• **DATA EXCERPT**
- - -

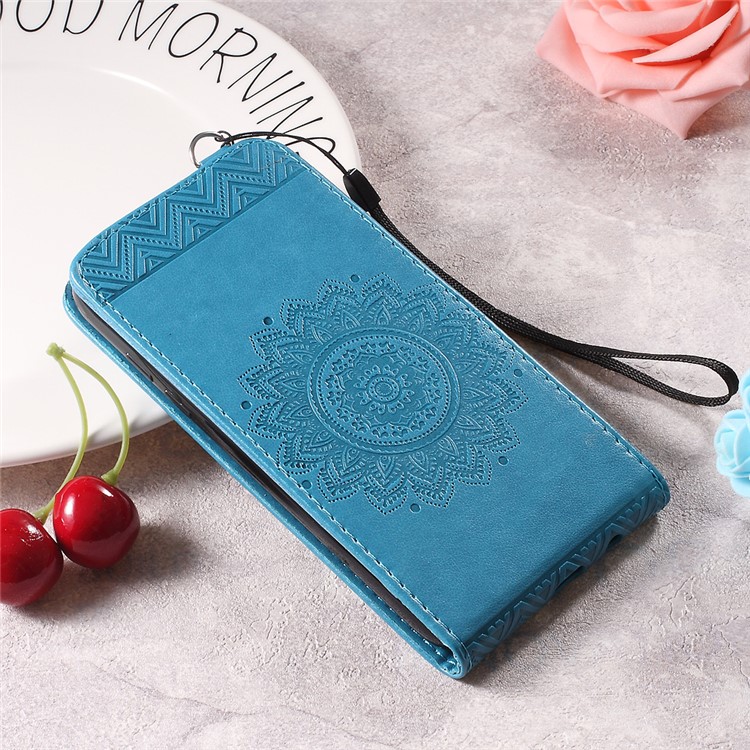 

Mandala Flower Vertical Leather Stand Wallet Cover for Samsung Galaxy A3 (2017) - Blue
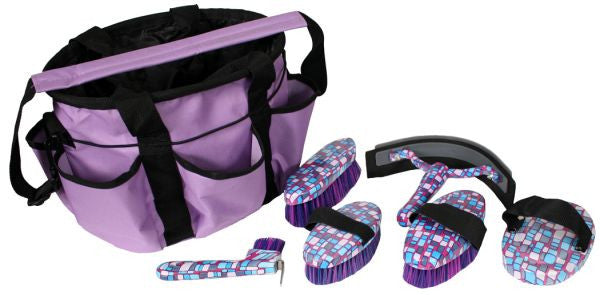 Showman 6 piece geometrical design grooming kit with nylon cordura carrying bag.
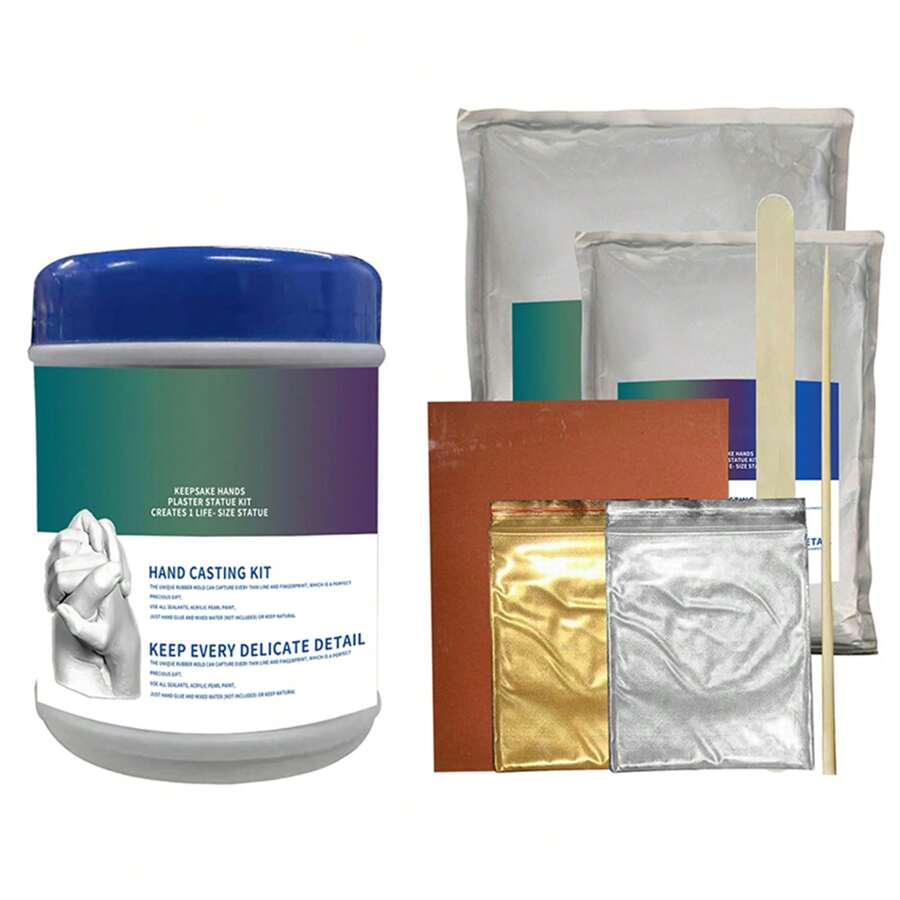 1套diy手模石膏雕塑造型套件,情侶手工藝品適用於成人和兒童 - 白色 - 查看 1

- - -

• **WORK REQUIRED**
Nothing but the lines from the one containing "Showman 6 piece" through the end of the listing is to be output, and those lines are to be output exactly, pictures excluded.

• **EXERCISE OUTPUT**
 Showman 6 piece geometrical design grooming kit with nylon cordura carrying bag.
 1套diy手模石膏雕塑造型套件,情侶手工藝品適用於成人和兒童 - 白色 - 查看 1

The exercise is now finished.